Constructions that are form\-similar but function\-different across languages should show different alignment patterns than form\-different but function\-similar pairs\. For example, English and French passive constructions share similar form but may differ in discourse function; if the IFG gradient tracks functional rather than formal similarity, this would support CxG over purely formal syntactic accounts\.

We note that the Universal Constructicon \(UCxn\) project’s 10\-language annotations\(Boas and Sag,[2012](https://arxiv.org/html/2605.23032#bib.bib78)\)could provide the infrastructure for such tests\. The present finding is best described as consistent with, but not uniquely supporting, CxG\.

## Appendix PEthical Considerations

The LPP corpus\(Liet al\.,[2022](https://arxiv.org/html/2605.23032#bib.bib70)\)is publicly available on OpenNeuro \(ds003643\) under the CC0 license\. The original study obtained IRB approval from Cornell University, Jiangsu Normal University, and NeuroSpin; all participants provided informed written consent\. Participants were recruited from university communities and compensated at standard institutional rates\. Our study involves secondary analysis of de\-identified data and does not require additional IRB approval\. All models are publicly available under open\-source or research\-use licenses\. Code for all analyses is publicly released at[https://github\.com/bettyguo/cross\-lingual\-brain\-llm](https://github.com/bettyguo/cross-lingual-brain-llm)\.

Similar Articles

LLM Neuroanatomy III - LLMs seem to think in geometry, not language

Reddit r/LocalLLaMA

Researcher analyzes LLM internal representations across 8 languages and multiple models, finding that concept thinking occurs in geometric space in middle transformer layers independent of input language, supporting a universal deep structure hypothesis similar to Chomsky's theory rather than Sapir-Whorf linguistic relativism.

Toward LLMs Beyond English-Centric Development

arXiv cs.CL

This paper demonstrates that LLMs are heavily biased toward English, and shows that continual pre-training does not offer cost advantages over training from scratch for adapting models to other languages, especially for cultural understanding.

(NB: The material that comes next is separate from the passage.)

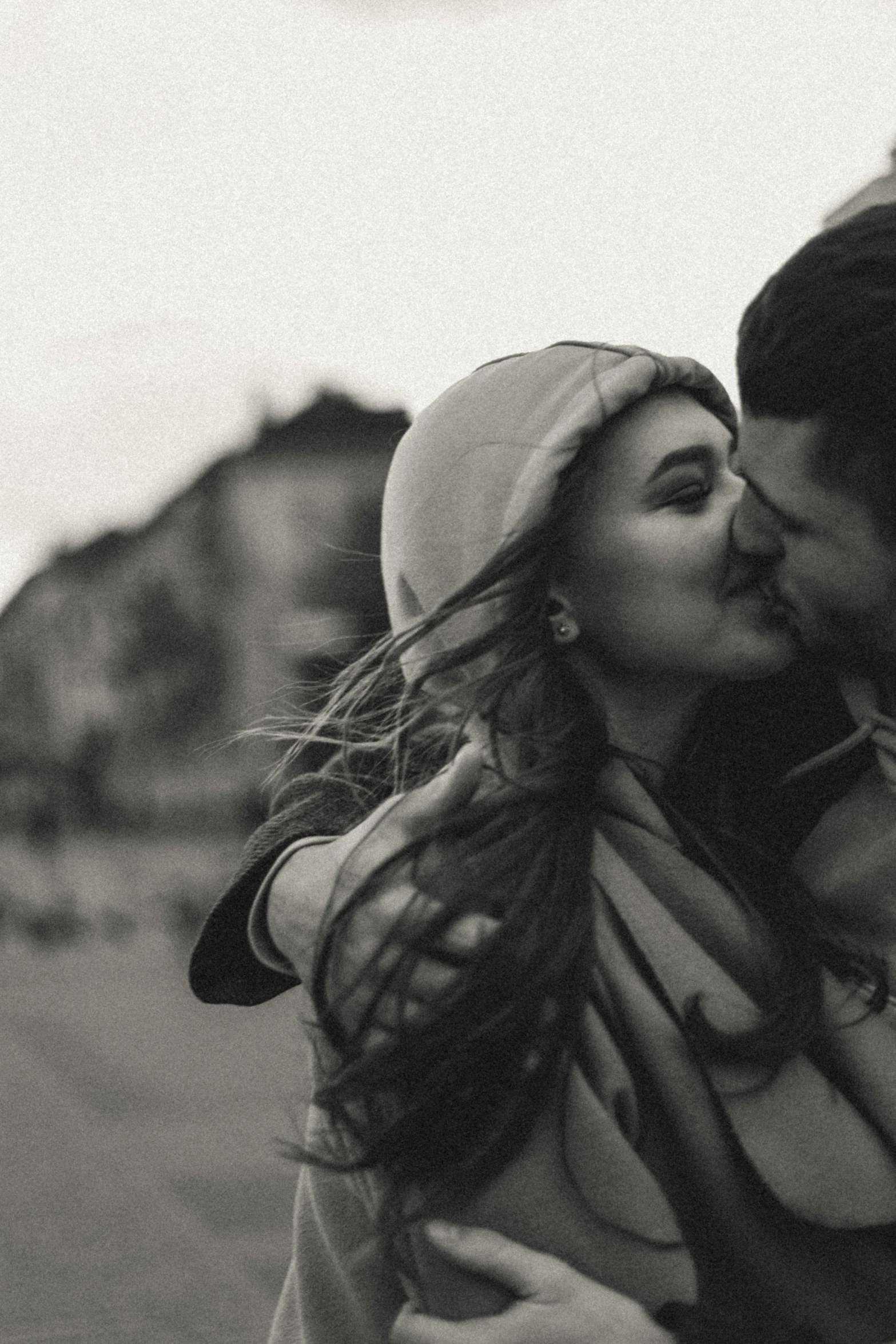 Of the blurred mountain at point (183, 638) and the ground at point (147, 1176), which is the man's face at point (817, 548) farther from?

Brain Score Tracks Shared Properties of Languages: Evidence from Many Natural Languages and Structured Sequences

arXiv cs.CL

This paper investigates whether Brain Score, a metric comparing language model representations to human fMRI activations during reading, is truly capturing human-like language processing or merely structural similarity. The researchers train language models on diverse natural languages and non-linguistic structured data (genome, Python, nested parentheses), finding that models trained on different languages and even non-linguistic sequences achieve similar Brain Score performance, suggesting the metric may not be sensitive enough to distinguish human-specific processing.

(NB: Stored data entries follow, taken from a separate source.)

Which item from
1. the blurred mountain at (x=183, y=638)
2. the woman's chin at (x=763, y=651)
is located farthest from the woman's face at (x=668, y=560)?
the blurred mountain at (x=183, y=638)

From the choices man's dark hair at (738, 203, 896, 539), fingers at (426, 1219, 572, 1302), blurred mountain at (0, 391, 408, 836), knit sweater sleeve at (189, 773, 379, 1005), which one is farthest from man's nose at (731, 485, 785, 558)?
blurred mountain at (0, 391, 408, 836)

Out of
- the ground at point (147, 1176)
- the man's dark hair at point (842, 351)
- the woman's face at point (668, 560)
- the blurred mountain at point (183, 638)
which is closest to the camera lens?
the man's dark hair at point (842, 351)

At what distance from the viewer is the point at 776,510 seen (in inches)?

Anchoring LLM Gender Bias to Human Baselines: A Cross-Lingual Audit

arXiv cs.CL

This paper audits six large language models for gender stereotyping across English, Korean, Chinese, and Japanese, anchoring against human baselines. It finds that LLM stereotyping often exceeds human cross-country variation and can compound across languages, introducing a four-pattern framework to characterize such behaviors.